The Best of The Bulwark in 2020

What a year...

This will not be a traditional Overtime. JVL kindly gave me the afternoons off for most of this week.

As I type this, I am editing a podcast. Mona Charen & Co.’s Beg to Differ. You’ll hear it tomorrow. It’s wonderful. We had a little snafu, but we prepared for it.

That’s been 2020 for The Bulwark, at least for me. Preparing. And I’m sure it’s quite similar for you. This was an historic (and I hate that phrase) year. Every year is historic. Some more than others, but this is one we’ll remember more than most.

I’ve been to our Bulwark offices once since the beginning of February. And it was to pick up a desktop computer (that I’m using now) that wasn’t being used. I remember the last time, the end of the “before times” when I last commuted into our office. I wrote about it in this newsletter.

We used to record a lot of these podcasts in person. No more. COVID has changed many things about how we live and work, and many of these will last for decades.

There was a teenaged barista at the coffee shop at the VRE/Amtrak station at the Quantico Marine Corps Base. The news was on in the background, and as she prepared my drink, I remarked to her that this was going to be her generation’s 9/11. She was too young for 9/11, and asked why.

I told her that this will change everything, like 9/11 did for my generation.

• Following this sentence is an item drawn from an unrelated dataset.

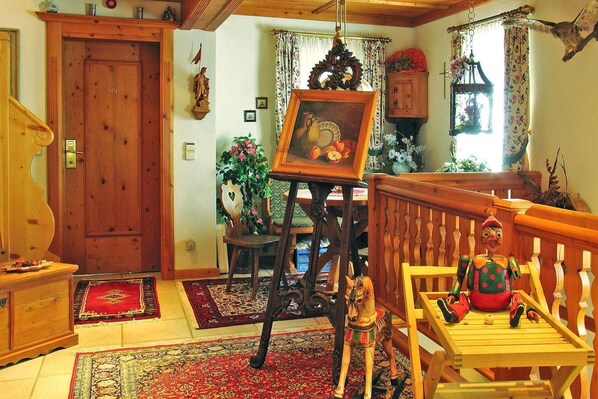A traditional living room with a wooden door, a painting on a stand, a wooden bench, and a rug.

Not just with air travel, but for every day life. I probably sounded like a lunatic. But I wasn’t wrong. In our pages, JVL has made predictions that earned him a lot of ire from the anti-anti-Trump right, mainly comparing COVID-19 to Vietnam, which is way more intense of a comparison to 9/11.

Sadly, Jonathan was more than right about that. And those who thought the comparison was bad have been awfully quiet in the last eight months.


While it has been a good year for us… It has been a bad year for the country, our democracy, its institutions, and the Republican party. That’s been the case for a lot of people in 2020: some have thrived, others have experienced death, depression, and scars that won’t disappear for years, if ever. We’ve been extremely lucky, and we have you to thank for it.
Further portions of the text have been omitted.